Par un mémoire en défense, enregistré le 11 février 2021, le ministre de l'économie, des finances et de la relance conclut au rejet de la requête.
Il fait valoir que les moyens de la requête ne sont pas fondés.
Par une ordonnance du 5 octobre 2021, l'instruction a été fixée au 22 octobre 2021, en application de l'article R. 613-1 du code de justice administrative.
Vu le jugement attaqué ;
Vu les autres pièces du dossier ;
Vu :
- le code général des impôts et le livre des procédures fiscales ;
- le code de justice administrative.
Les parties ont été régulièrement averties du jour de l'audience.

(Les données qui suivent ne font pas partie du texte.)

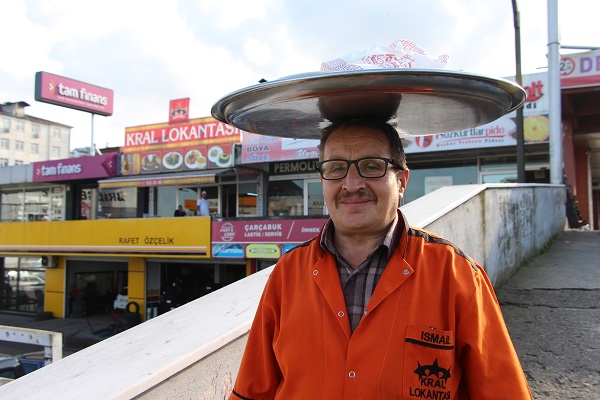 Foto - Yolda görenler şaşkına dönüyor! Kafasında tepsiyle bakın ne yapıyor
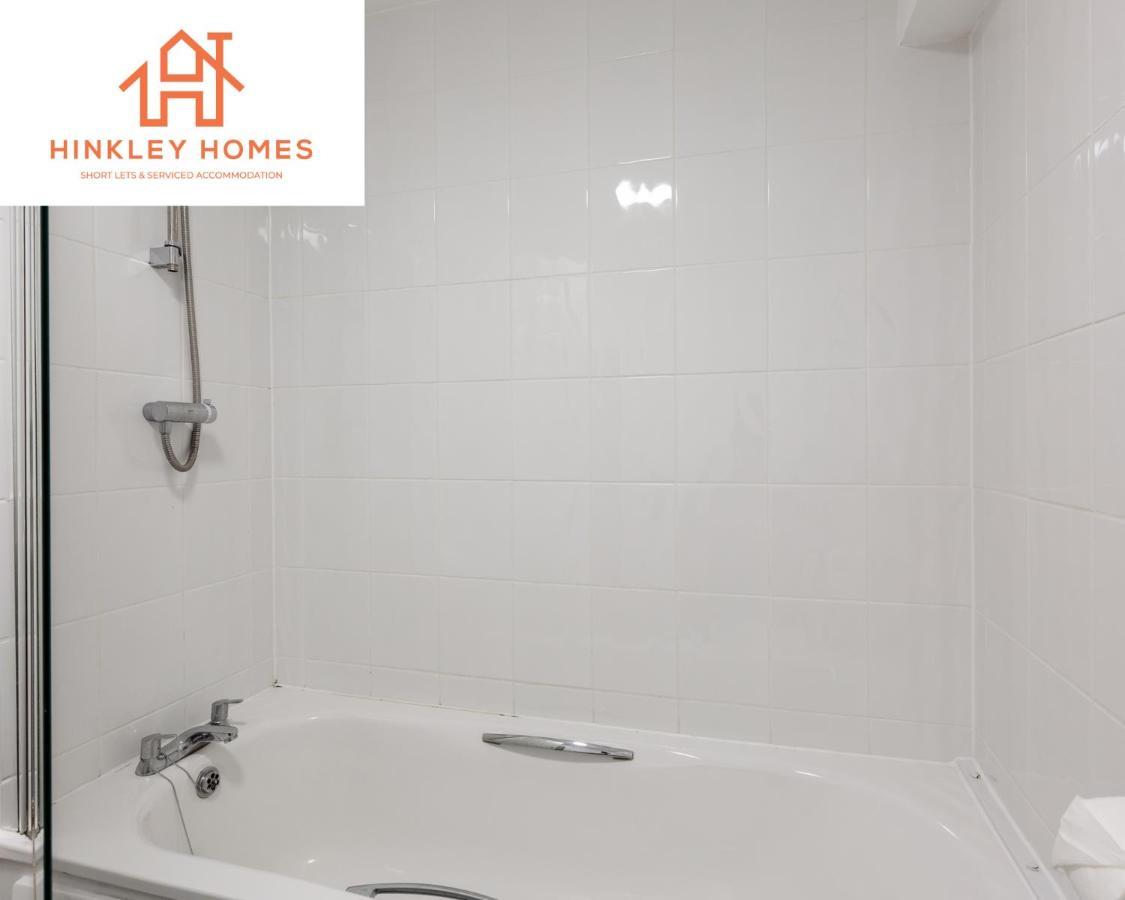 5 Beds - Free Gated Parking - Centre - By Hinkley Homes Short Lets & Serviced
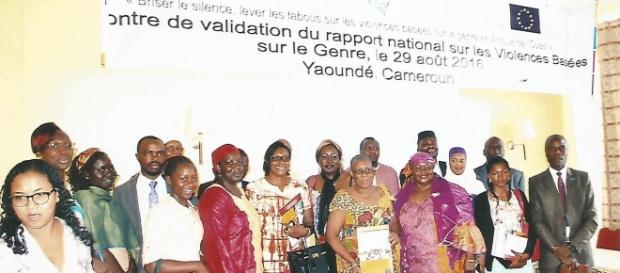 Ensemble des séminaristes et de l'ALVF Ensemble des séminaristes et de l'ALVF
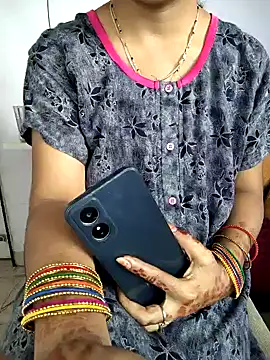 Snapshot of lovelygirl4567 chatting on 01.16.26 lovelygirl4567 online show from 01.16.26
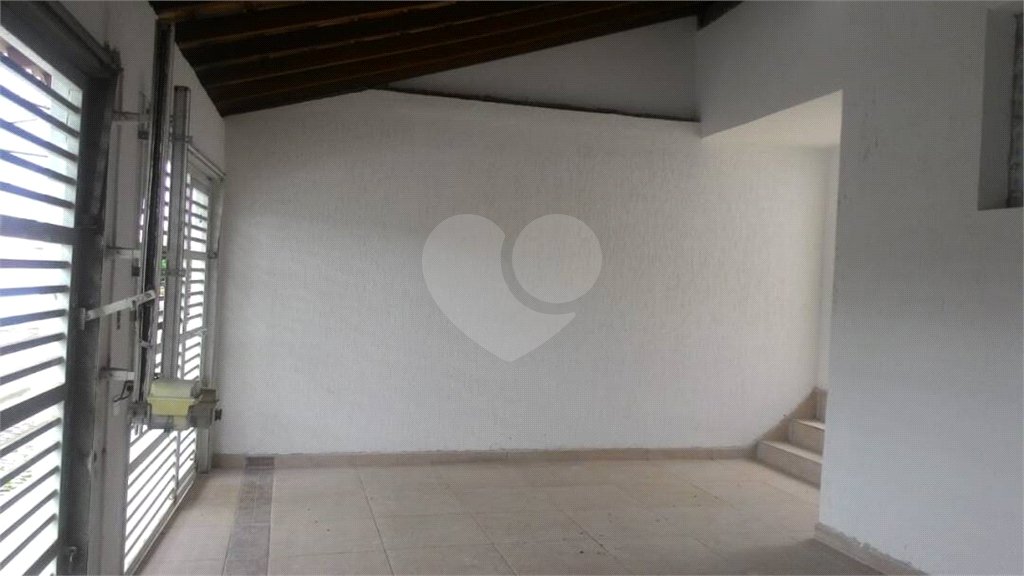Casa à venda com 3 quartos, sendo 1 suíte, em Vila São Francisco, Suzano, SP
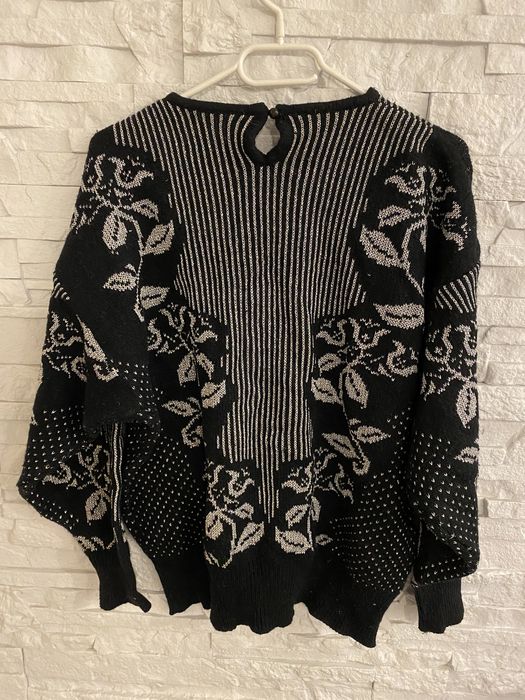 Sweter czarny z połyskliwą nitką
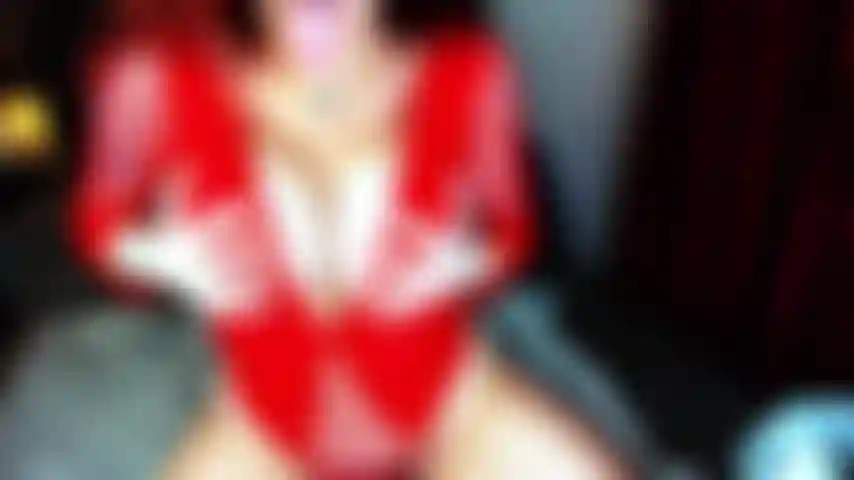 Spiele mit den titten, spucke, schmatze und zittere.....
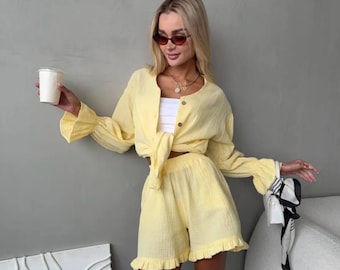 Dames zomerpak van mousseline met een blouse en een short met ruches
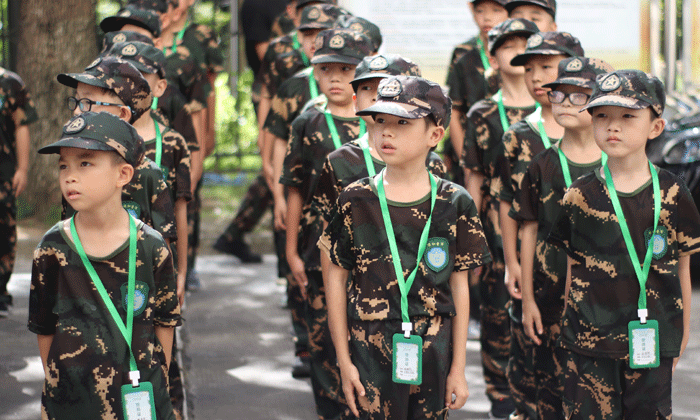 作風(fēng)優(yōu)良，紀(jì)律嚴(yán)明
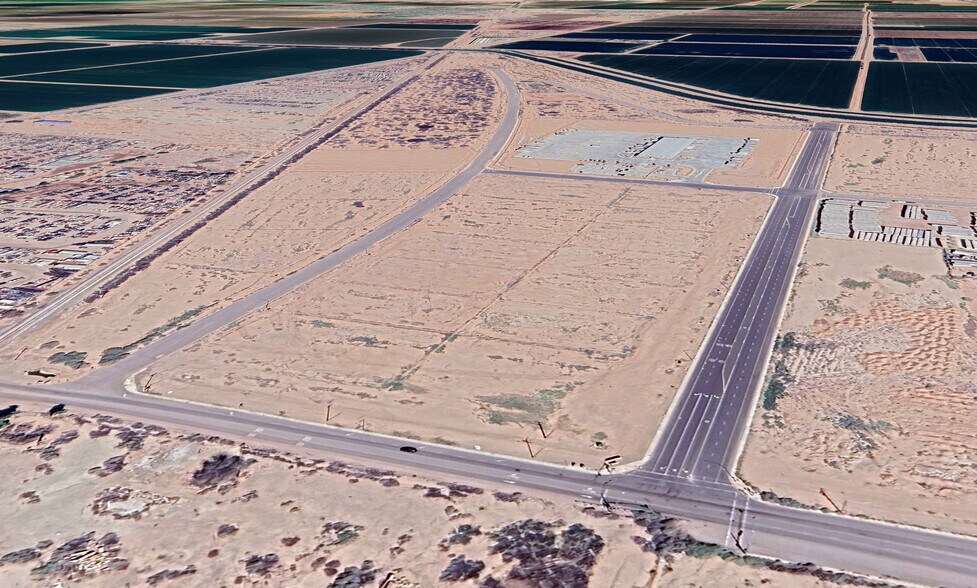 W Cole Blvd, Calexico, CA à louer - Photo du bâtiment - Image 1 de 2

Ont été entendus au cours de l'audience publique :
- le rapport de M. D...,
- les conclusions de M. Met, rapporteur public.
Considérant ce qui suit :
1. Dans le cadre des procédures prévues par les articles L. 135 L et L. 101 du livre des procédures fiscales, l'administration fiscale a été informée de ce que le 10 mars 2012, la brigade des stupéfiants de Paris avait découvert, au domicile de M. A..., deux sacs contenant chacun 31,6 kilogrammes de résine de cannabis stockés dans le garage. Par une proposition de rectification du 18 novembre 2013, l'administration a notifié aux époux A... des cotisations supplémentaires d'impôt sur le revenu et de contributions sociales établies au titre de l'année 2012 sur le fondement de l'article 1649 quater-0 B bis du code général des impôts. Par une décision du 1er octobre 2018, le service a rejeté la réclamation contentieuse formée par les époux A... le 19 octobre 2016. M. et Mme A... relèvent régulièrement appel du jugement du 6 juillet 2020 par lequel le tribunal administratif de Montreuil a rejeté leur demande de décharge de ces impositions.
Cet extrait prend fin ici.